Sus palabras me dejaron con un nudo en la garganta, como si se tratara de una despedida y el detalle es que yo no quería decir adiós. Nadie quiere hacerlo. “Adiós” es una de las palabras más horrorosas que existen.

—¿Nunca te has preguntado porqué me puedes ver? —dijo de pronto.

Su pregunta me hizo sonreír. ¿Qué si lo había hecho? ¡Miles de ocasiones!

—Varias veces —dije, un poco más tranquila.

—Quería asegurarme de que ibas a estar bien. Me aterraba pensar que te ibas a dejar caer y que nadie estaría ahí para ayudarte a levantar pero ahora sé —susurró, mirando las hojas—, que hay alguien que lo puede hacer mejor que yo…

—Andrew…

—Permíteme terminar, Noelle. Él te ama en todas las formas en que una persona puede ser amada, créeme que ahora que sé que estarás a salvo.

—Suenas como si fueras a decir adiós, deja de hacerlo —repliqué.

—Tal vez lo haga. ¿Te puedo decir algo?

—Que no sea “adiós”.

Sonrió.

—Cuando el profesor Rickman nos asignó como compañeros supe que eras la indicada, Noelle.

—Eres un cursi.

—Puede —dijo, mirándome a los ojos.

Nadie dijo nada por unos minutos.

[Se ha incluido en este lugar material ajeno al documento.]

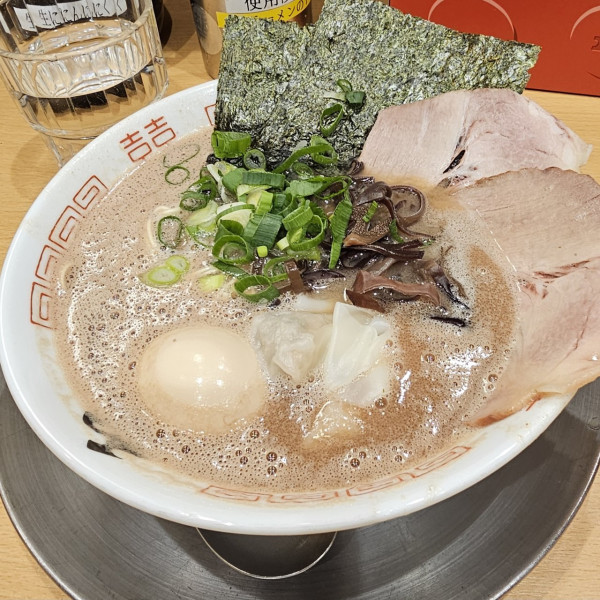 「特製和ラーメン(バリカタ)+替玉1杯無料(ハリガネ)」@博多ラーメン 和の写真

No precisamente porque no tuviéramos algo que decir. En realidad, por mi parte, quería decirle tantas cosas en ese momento, hacerle tantas preguntas y llenar todos esos momentos que habíamos dejado pasar sin decir algo. El detalle es que eran tantas cosas que ni siquiera sabía por dónde empezar.

—¿Cómo es allá? —le pregunté, con la garganta cortada, avecinándome a lo que estaba por suceder.

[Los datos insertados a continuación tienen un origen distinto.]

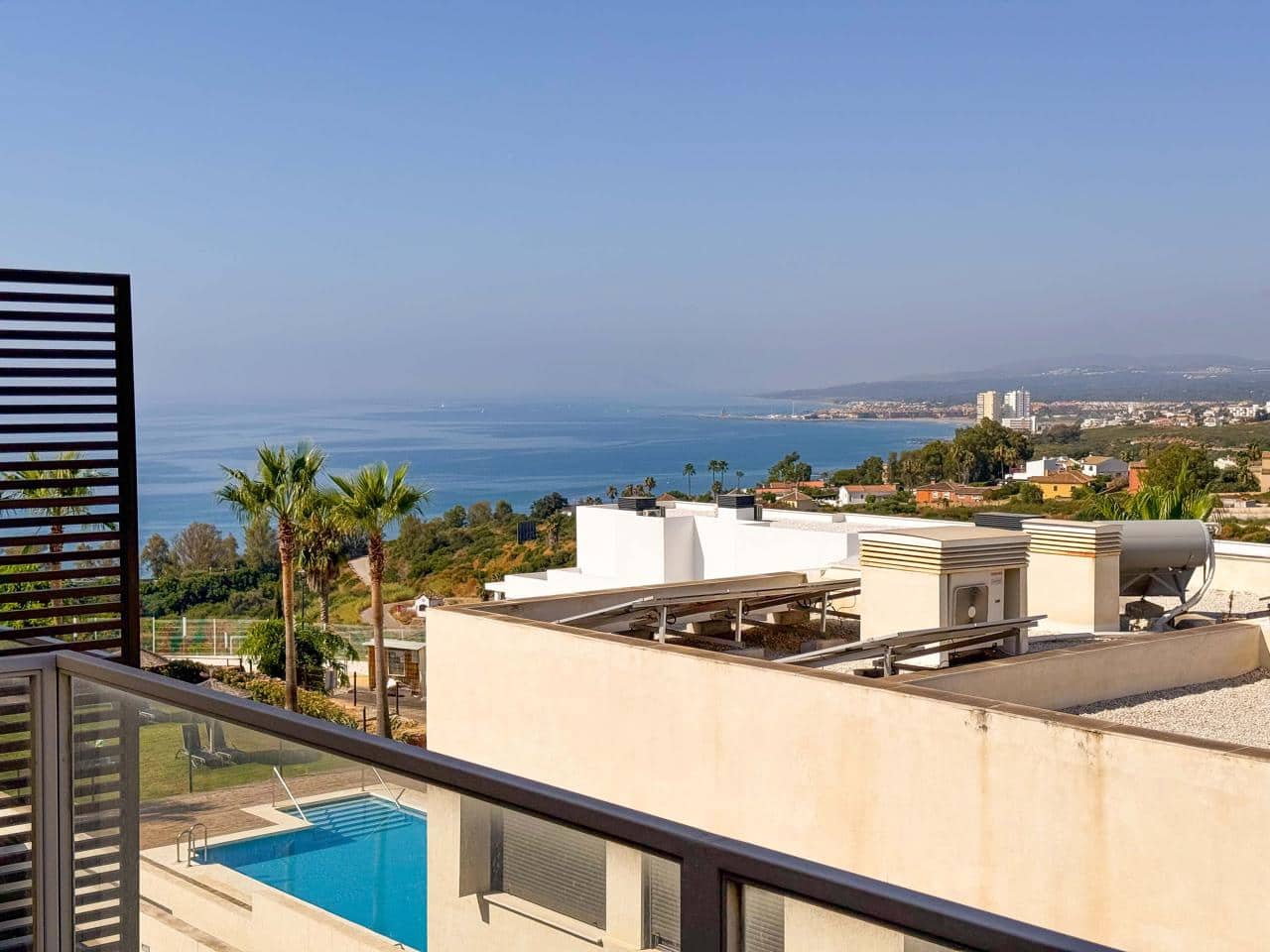 4 sypialnia Willa na sprzedaż w Manilva z basenem garażem - 399 000 € (Ref: 9142339)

—Hermoso —suspiró sonriendo—. Es como… nunca dejo de estar feliz, no hay dolor, no hay tristeza, no hay drama. Los extraño, claro, a ti y a mis padres y a veces hay ocasiones en las que me da miedo saber que sufren por mi ausencia, pero sé que están bien. Él los protege y ahora sé que Ian lo hará por mí.